Knoll Associates created in the late 1940s the image of the modern and elegant corporate interior, a necessary continuation of the architecture of the steel and glass skyscrapers that the United States was then exporting to the rest of the world. Florence Knoll was responsible for the company to move from selling furniture for the home to embody the image of modernity.
While Hans Knoll, owner of the company and later her husband, was in charge of the commercial part of the business, Florence Knoll, née Schust, defined the line of the company’s catalog, for which she also designed several pieces, directed her interior design Planning Unit and, after the early death of her husband, she presided over the company. Trained as an architect first in the Cranbook Academy, later in the Architectural Association in London and finally in the IIT’s Armour Institute, she clearly saw the need to create interiors consonant with the new modern age.
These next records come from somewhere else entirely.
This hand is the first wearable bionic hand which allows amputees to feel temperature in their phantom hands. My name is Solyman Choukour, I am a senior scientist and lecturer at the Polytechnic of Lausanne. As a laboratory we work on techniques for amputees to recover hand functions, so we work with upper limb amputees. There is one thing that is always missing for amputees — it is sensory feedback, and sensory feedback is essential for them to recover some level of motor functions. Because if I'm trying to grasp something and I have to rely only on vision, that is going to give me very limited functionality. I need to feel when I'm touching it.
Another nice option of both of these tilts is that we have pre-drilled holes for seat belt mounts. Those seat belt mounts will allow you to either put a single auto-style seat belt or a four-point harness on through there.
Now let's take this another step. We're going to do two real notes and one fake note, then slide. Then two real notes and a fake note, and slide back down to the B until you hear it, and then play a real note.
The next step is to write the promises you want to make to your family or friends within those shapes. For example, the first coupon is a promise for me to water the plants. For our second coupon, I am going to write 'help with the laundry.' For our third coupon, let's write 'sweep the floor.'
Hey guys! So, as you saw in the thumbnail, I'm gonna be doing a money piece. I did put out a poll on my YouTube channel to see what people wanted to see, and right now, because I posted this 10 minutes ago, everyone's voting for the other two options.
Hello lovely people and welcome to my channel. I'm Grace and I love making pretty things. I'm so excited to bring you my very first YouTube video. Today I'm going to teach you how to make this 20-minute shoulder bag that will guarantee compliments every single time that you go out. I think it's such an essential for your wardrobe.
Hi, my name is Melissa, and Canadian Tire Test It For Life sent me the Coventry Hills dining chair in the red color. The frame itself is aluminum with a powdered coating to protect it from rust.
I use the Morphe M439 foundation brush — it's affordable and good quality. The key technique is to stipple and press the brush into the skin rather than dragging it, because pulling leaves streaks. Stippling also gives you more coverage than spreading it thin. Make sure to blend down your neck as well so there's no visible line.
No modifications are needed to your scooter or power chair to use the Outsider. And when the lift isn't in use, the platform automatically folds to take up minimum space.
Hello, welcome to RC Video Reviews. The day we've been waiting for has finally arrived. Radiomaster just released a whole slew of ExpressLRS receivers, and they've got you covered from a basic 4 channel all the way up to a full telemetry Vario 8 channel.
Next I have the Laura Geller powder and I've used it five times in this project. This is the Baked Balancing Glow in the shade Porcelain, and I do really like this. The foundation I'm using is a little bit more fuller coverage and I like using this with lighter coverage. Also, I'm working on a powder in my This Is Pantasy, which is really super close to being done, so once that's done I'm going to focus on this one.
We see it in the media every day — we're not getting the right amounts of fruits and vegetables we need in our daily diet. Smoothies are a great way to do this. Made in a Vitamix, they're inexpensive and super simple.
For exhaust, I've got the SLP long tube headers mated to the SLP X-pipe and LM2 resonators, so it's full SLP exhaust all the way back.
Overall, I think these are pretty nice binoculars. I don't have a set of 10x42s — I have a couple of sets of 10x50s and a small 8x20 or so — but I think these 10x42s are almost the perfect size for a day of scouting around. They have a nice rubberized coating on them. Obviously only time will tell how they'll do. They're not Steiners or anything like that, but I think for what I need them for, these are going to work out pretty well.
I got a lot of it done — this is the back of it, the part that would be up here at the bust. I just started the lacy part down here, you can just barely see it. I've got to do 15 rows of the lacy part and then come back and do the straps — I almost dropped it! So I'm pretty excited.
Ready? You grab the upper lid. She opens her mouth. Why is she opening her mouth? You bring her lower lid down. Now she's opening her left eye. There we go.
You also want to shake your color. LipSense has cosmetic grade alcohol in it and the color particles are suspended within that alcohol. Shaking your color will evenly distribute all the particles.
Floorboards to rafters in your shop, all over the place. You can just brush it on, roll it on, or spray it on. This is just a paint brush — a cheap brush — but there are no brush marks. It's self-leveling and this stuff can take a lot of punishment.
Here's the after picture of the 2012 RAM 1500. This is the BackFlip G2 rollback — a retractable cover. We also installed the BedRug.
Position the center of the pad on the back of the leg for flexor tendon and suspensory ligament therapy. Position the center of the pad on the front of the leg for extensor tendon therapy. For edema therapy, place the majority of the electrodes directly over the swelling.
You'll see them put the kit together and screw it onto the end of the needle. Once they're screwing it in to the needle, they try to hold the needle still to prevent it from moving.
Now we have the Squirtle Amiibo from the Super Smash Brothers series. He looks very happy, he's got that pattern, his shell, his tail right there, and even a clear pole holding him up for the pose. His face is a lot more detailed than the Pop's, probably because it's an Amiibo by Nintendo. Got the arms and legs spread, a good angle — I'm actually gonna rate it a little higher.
Thanks to Florence Knoll’s contacts in the world of architecture, Knoll Associates incorporated into its catalog some classic pieces of the history of modern design. For example, the Barcelona armchair, designed by Mies van der Rohe, her professor at the IIT, or the Tulip chair, the work of Eero Saarinen, a friend of Florence from her time at the Cranbook Academy. Over time, Knoll Associates incorporated also works by other architects from around the world, such as the Italian Franco Albini, the Swiss Pierre Jeanneret or the Argentine group Austral, which included Spanish exiled Antonio Bonet. It also commissioned pieces from artists such as the sculptors Isamu Noguchi or Harry Bertoia.
As director of the Knoll Associates Planning Unit, Florence Knoll was in charge of the interior design of the company’s offices and showrooms, as well as the interiors of the many emblematic buildings, such as the Conneticut General Life Insurance Company, by Skidmore, Owings and Merrill or the CBS building by Eero Saarinen, where she tried to continue the architects’ work.